But here is what's wrong with the movie. Although the killer is killed and no doubt meets his judgment, he dies in a freak vehicle accident just minutes before falling into a trap set by Jerry, Jerry doesn't know the killer dies. So, in a continuing and impossible effort to find the man, who is dead, Jerry drinks himself insane. Thus, the moral premise could be constructed this way:

Child abuse and murder lead to a quick end in the fires of hell; but
Keeping your word to find justice leads to drunken insanity. 

You're right, the virtues and vices are not opposites, and neither is the consequence. That's because this story was made on an idea that is without a good foundation in reality.

If we attempt to construct a moral premise that COULD have been used for this story it may be:

Child abuse and murder lead to a quick end in the fires of hell; but
Protecting children from an abuser and murdered leads to justice. 

Had Jerry and the killer been pitted against each other in a cat and mouse game, and had Jerry some how, even inadvertently, been responsible for the killer's just death or imprisoned, this latter moral premise could have saved the movie.

Conclusion: False moral premise, inconsistency with how a good moral premise should apply to the film's characters and plot.

A deeper explanation can be found here:

HURT LOCKER (Oct, 2008)
Budget $15M. US $16M. WW $19M. OSCARS: 6 of 9 Noms. Dir.  Kathryn Bigelow

During the Iraq War, a Sergeant recently assigned to an army bomb squad is put at odds with his squad mates due to his maverick way of handling his work. This is a movie that won six of its nine 2009 Academy Award nominations, including Best Original Screenplay, Best Direction, and Best Picture. But it did not resonate with general audiences, doing only $12.6 MM at the box office ($11 MM budget). Why would such a powerful movie in many respects fail to garner a large audience?

The plot of the movie and the character arcs have a true moral premise significantly portrayed by the characters; it is:  

Demanding arrogance leads to animosity and hatred; but
Competent teamwork leads to respect and honor.

But to connect that true moral premise must connect with audiences consistently through the various story elements and characters. Yet, the movie begins with this on-screen quote:

The Rush of a Battle is often a potent and lethal addiction, for war is a drug.

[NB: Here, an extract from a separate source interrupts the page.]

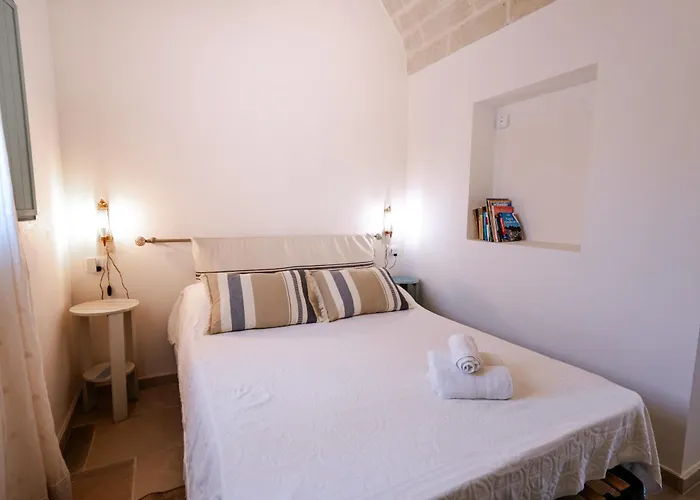 Сasa de vacaciones Trullo Dai Mimmi *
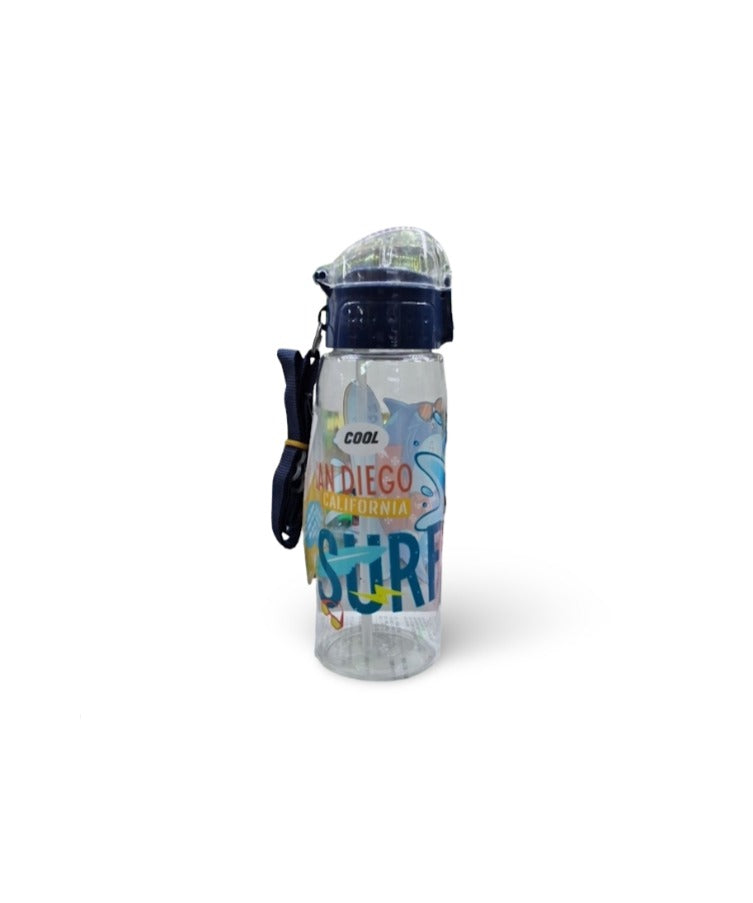 Tufex Lüks Pipetli Kilitli Matara 500ML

And the movie ends with our main character not changing but returning to duty in Iraq rather than being home with his family—-he's addicted to war and cannot function at home. But that is not what the moral premise of the story reveals. Thus, there's a disconnect.

There is also an issue with the filmmaker's identification of a protagonist, whom they think is SGT. Williams James (JEREMY RENNER). But protagonists change and James doesn't. He's the same at the beginning as he is at the end. Instead he's the antagonist, who often does not change but forces the protagonist to change, which in this case is Sgt. J.T. Sanborn (ANTHONY MACKIE). It is Sanborn that arcs from animosity and hatred to respect and honor. And that confuses the audience.

Conclusion: True moral premise but inconsistent application to characters and plot, confusing the audience.

A longer discussion of HURT LOCKER can be found here:

SEVEN POUNDS (Dec, 2008)
B $55M. US $70M.  WW: $165M. Dir. Gabriele Muccino.

A man, Tim Thomas (Will Smith), with a fateful secret embarks on an extraordinary journey of redemption by forever changing the lives of seven strangers. That's how the producers want you to understand this movie. The secret is that Tim caused an automotive accident that killed seven people including his wife who was the passenger in his car. Somehow Tim, as the only survivor, avoids going to prison for manslaughter--a story beat the movie never deals with.

Tim goal is to find seven people who are in life-threatening situations due to illnesses that cannot be cured, and give them something of himself so they can live. He donates bone marrow, a lung, a kidney, a liver, and his beach house to give new life to others. Then he arranges to donate his final gifts--his corneas and his heart, which ironically goes to the young woman with a fatal heart condition that he has fallen in love with. To consummate his final donations he commits suicide in such a way that his organs can be quickly harvested and transplanted.

The moral premise could be stated like this:

Hating self leads to suicide; but
Loving others (also) leads to suicide.

The movie would have worked better as a tragedy, but the producers try to make out Tim's ultimate sacrifice (of suicide) as redemptive, and self-hatred can never be redemptive.

Conclusion: False moral premise, it is contrary to how 99% of humanity is wired, and the movie (for a Will Smith vehicle) fails at the box office.

B $115M. US $104M.  WW $416M. Dir.  Michael Apted.

Based on C.S. Lewis popular youth novels, Lucy and Edmund Pevensie return to Narnia with their cousin Eustace where they meet up with Prince Caspian for a trip across the sea aboard the royal ship The Dawn Treader. Along the way they encounter dragons, dwarves, merfolk, and a band of lost warriors before reaching the edge of the world.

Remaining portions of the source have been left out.